**PROBLEM:**
Retrieve all lines below that have the string "Flat".

**RECORDED DATA:**

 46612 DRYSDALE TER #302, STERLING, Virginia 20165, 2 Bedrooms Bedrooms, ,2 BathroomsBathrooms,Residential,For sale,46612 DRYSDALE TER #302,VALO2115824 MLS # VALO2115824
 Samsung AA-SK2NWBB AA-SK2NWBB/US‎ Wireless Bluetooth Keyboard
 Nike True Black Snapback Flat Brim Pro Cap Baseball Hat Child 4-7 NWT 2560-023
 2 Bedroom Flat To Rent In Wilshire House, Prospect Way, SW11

* * *

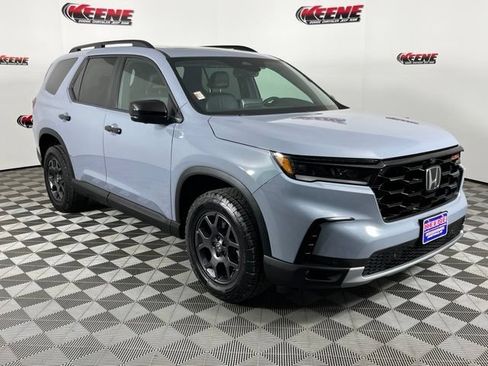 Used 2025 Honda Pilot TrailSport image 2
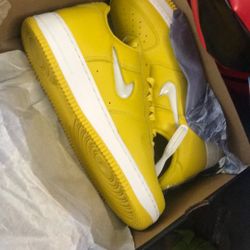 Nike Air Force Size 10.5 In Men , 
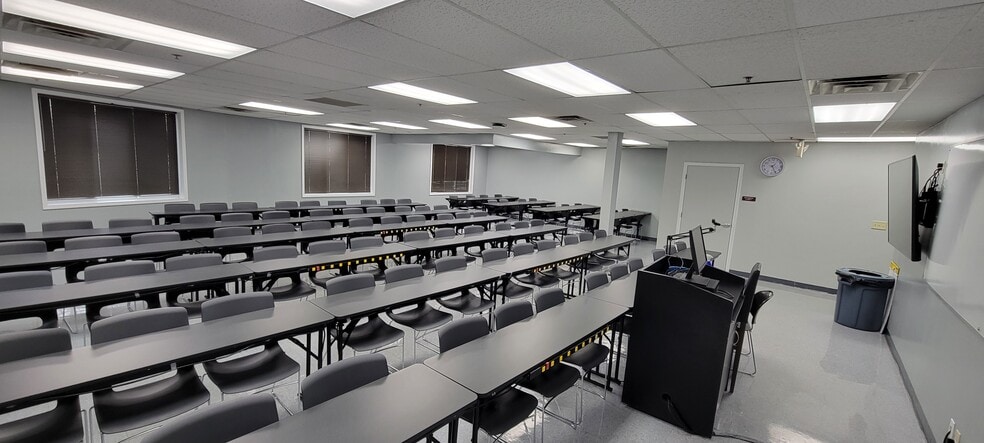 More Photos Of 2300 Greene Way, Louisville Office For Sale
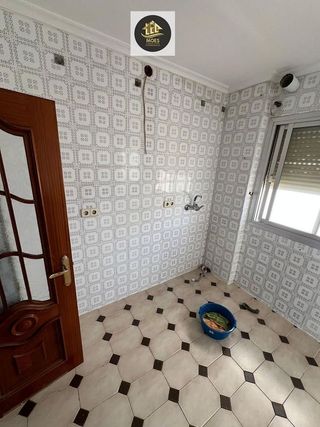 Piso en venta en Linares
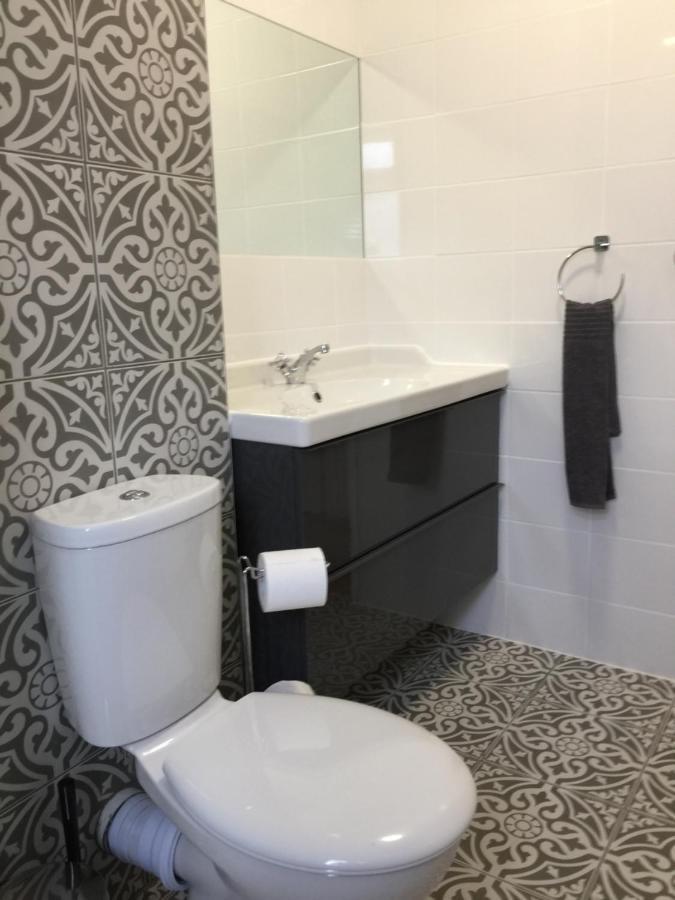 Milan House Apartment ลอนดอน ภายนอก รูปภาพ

**SOLUTION TO THIS PROBLEM:**
 Nike True Black Snapback Flat Brim Pro Cap Baseball Hat Child 4-7 NWT 2560-023
 2 Bedroom Flat To Rent In Wilshire House, Prospect Way, SW11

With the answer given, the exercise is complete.